Listed entries
'''
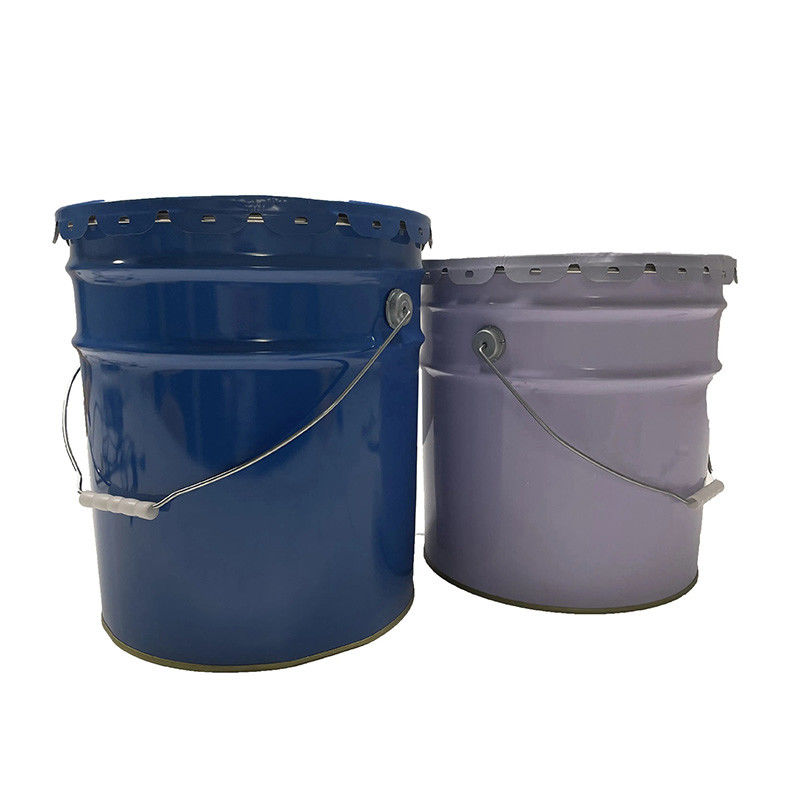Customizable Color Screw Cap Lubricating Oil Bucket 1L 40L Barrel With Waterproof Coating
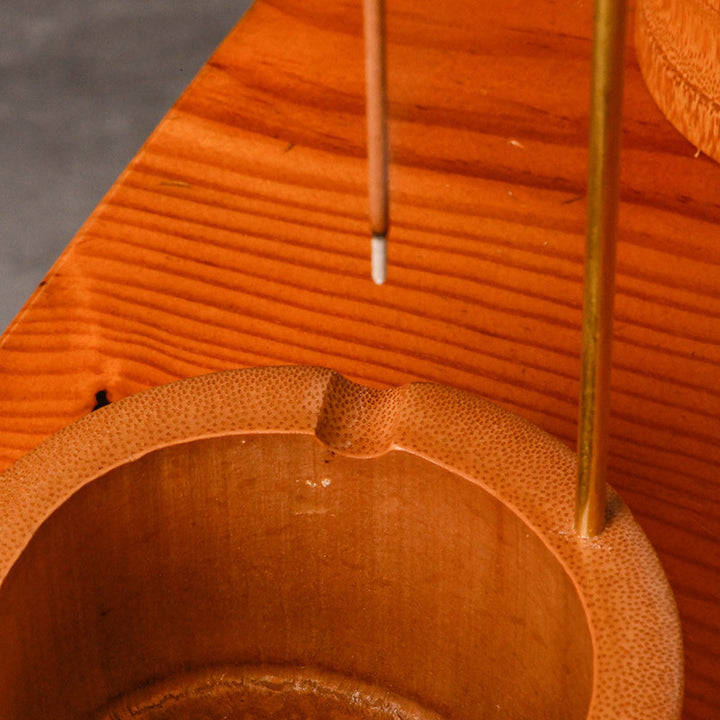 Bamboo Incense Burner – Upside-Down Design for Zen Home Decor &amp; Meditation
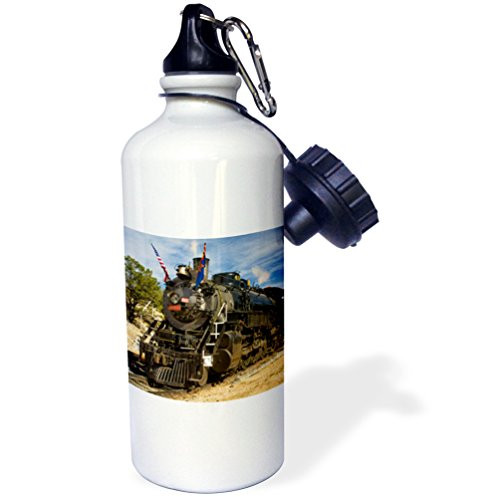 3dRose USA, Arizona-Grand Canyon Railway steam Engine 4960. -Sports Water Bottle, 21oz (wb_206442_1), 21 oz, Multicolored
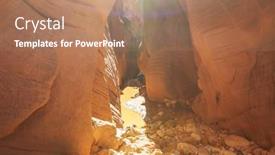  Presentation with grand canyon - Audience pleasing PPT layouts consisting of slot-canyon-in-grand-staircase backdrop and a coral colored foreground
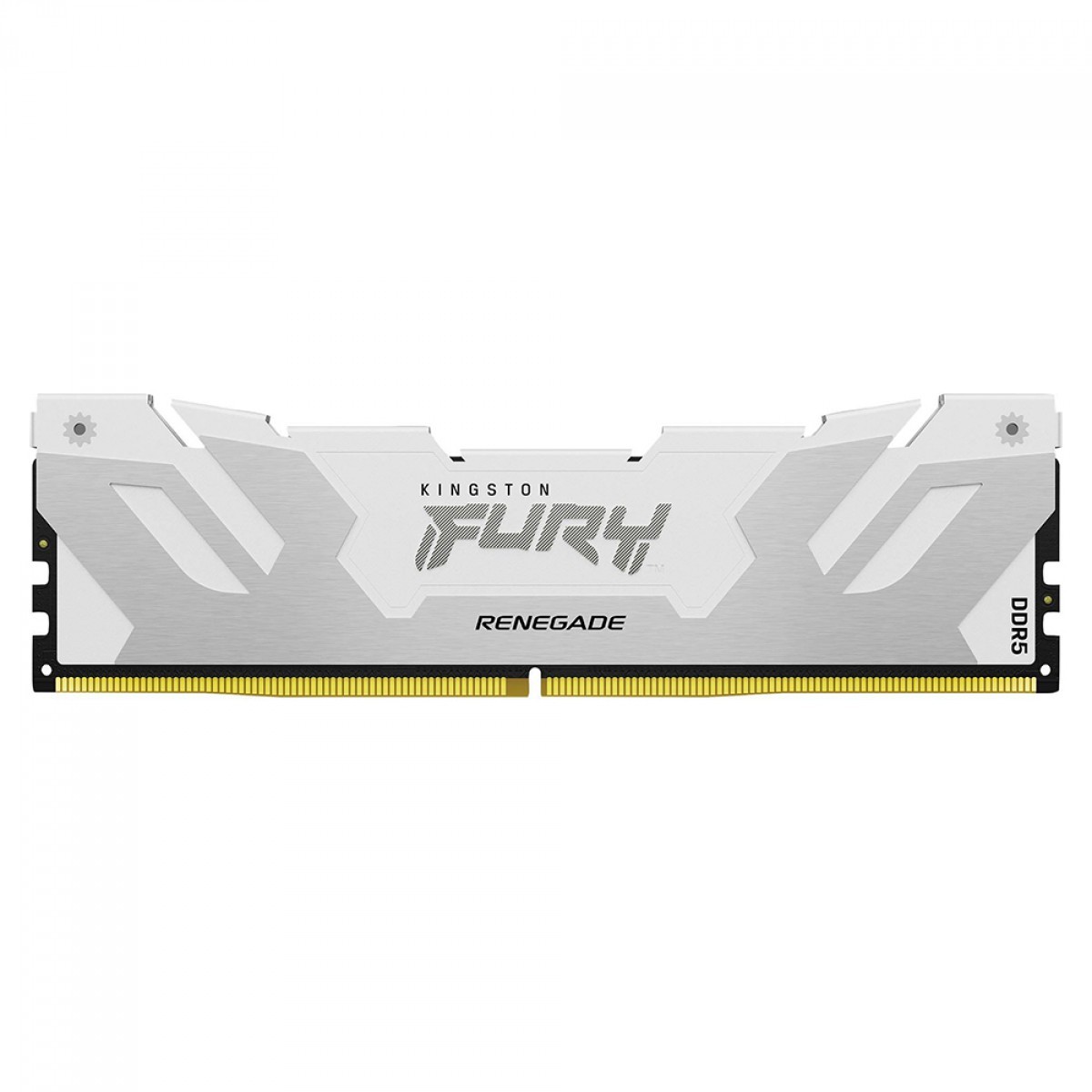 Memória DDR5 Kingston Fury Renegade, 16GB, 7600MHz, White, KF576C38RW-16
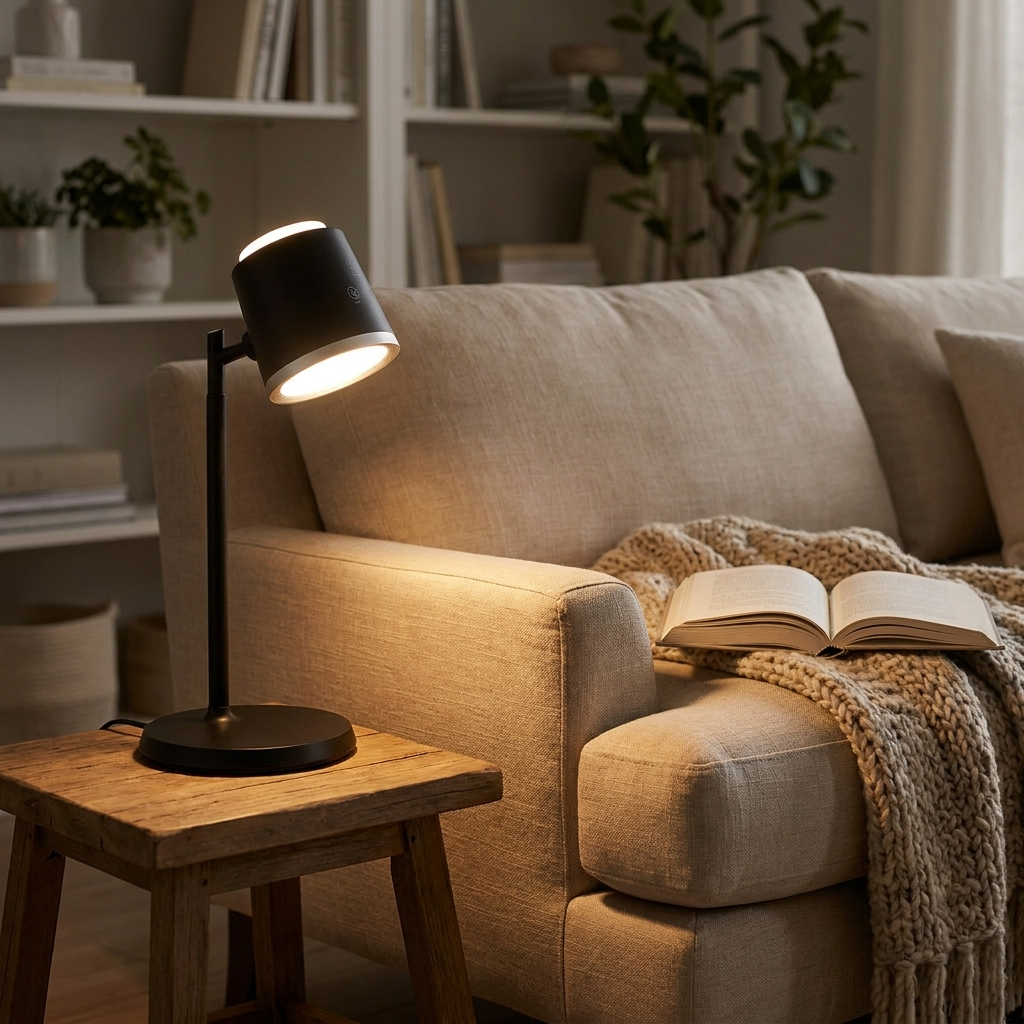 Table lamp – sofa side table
'''
Directions for this task
Skip the pictures and quote each line of the entries above, from the first through the line with "3dRose USA, Arizona-Grand", exactly as it appears.

Task response
Customizable Color Screw Cap Lubricating Oil Bucket 1L 40L Barrel With Waterproof Coating
 Bamboo Incense Burner – Upside-Down Design for Zen Home Decor &amp; Meditation
 3dRose USA, Arizona-Grand Canyon Railway steam Engine 4960. -Sports Water Bottle, 21oz (wb_206442_1), 21 oz, Multicolored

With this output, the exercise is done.